You could create logical vectors directly using c()
. For example, I could access every other value of the following vector as follows:
a <- c(1, 2, 3, 4, 5)
a[c(TRUE, FALSE, TRUE, FALSE, TRUE)]
## [1] 1 3 5
As you can see, R returns all values of the vector a
for which the logical vector is TRUE.
However, creating logical vectors using c()
is tedious. Instead, it’s better to create logical vectors from existing vectors using comparison operators like < (less than), == (equals to), and != (not equal to). A complete list of the most common comparison operators is in Figure 7.3. For example, let’s create some logical vectors from our boat.ages
vector:
# Which ages are > 100?
boat.ages > 100
## [1] TRUE FALSE TRUE FALSE TRUE FALSE TRUE FALSE FALSE FALSE
# Which ages are equal to 23?
boat.ages == 23
## [1] FALSE FALSE FALSE TRUE FALSE FALSE FALSE FALSE FALSE FALSE
# Which boat names are equal to c?
boat.names == "c"
## [1] FALSE FALSE TRUE FALSE FALSE FALSE FALSE FALSE FALSE FALSE
You can also create logical vectors by comparing a vector to another vector of the same length. When you do this, R will compare values in the same position (e.g.; the first values will be compared, then the second values, etc.). For example, we can compare the boat.cost
and boat.price
vectors to see which boats sold for a higher price than their cost:
# Which boats had a higher price than cost?
boat.prices > boat.costs
## [1] TRUE TRUE TRUE FALSE TRUE TRUE TRUE FALSE TRUE TRUE
# Which boats had a lower price than cost?
boat.prices < boat.costs
## [1] FALSE FALSE FALSE TRUE FALSE FALSE FALSE TRUE FALSE FALSE
Once you’ve created a logical vector using a comparison operator, you can use it to index any vector with the same length. Here, I’ll use logical vectors to get the prices of boats whose ages were greater than 100:
# What were the prices of boats older than 100?
boat.prices[boat.ages > 100]
## [1] 53 54 264 532
Here’s how logical indexing works step-by-step:
# Which boats are older than 100 years?
boat.ages > 100
## [1] TRUE FALSE TRUE FALSE TRUE FALSE TRUE FALSE FALSE FALSE
# Writing the logical index by hand (you'd never do this!)

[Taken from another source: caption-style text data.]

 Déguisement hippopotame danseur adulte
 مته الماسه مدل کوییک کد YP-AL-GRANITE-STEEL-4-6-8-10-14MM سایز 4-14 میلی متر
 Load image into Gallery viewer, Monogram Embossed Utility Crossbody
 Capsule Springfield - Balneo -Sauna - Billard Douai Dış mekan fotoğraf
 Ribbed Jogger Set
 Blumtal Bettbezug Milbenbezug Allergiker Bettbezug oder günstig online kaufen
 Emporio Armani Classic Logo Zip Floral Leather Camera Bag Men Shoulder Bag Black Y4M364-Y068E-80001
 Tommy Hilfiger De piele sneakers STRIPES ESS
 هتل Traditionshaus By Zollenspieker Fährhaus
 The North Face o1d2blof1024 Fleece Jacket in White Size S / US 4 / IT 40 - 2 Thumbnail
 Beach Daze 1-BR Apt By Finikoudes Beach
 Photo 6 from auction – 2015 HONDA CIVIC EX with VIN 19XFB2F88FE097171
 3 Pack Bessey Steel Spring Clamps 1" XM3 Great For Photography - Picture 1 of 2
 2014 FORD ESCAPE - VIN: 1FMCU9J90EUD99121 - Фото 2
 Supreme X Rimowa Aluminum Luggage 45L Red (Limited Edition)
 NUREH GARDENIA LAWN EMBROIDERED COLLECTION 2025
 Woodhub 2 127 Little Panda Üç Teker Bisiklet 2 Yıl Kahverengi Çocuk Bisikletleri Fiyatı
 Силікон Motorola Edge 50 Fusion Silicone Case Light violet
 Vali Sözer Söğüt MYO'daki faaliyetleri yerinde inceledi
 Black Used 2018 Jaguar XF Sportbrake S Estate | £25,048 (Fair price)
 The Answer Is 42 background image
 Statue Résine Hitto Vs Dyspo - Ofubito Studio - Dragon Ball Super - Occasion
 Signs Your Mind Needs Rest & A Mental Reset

# Show me all of the boat prices where the logical vector is TRUE:
boat.prices[c(TRUE, FALSE, TRUE, FALSE, TRUE, FALSE, TRUE, FALSE, FALSE, FALSE)]
## [1] 53 54 264 532
# Doing it all in one step! You get the same answer:
boat.prices[boat.ages > 100]
## [1] 53 54 264 532
7.2.1 &
(and), |
(or), %in%
In addition to using single comparison operators, you can combine multiple logical vectors using the OR (which looks like |
and AND &
commands. The OR |
operation will return TRUE if any of the logical vectors is TRUE, while the AND &
operation will only return TRUE if all of the values in the logical vectors is TRUE. This is especially powerful when you want to create a logical vector based on criteria from multiple vectors.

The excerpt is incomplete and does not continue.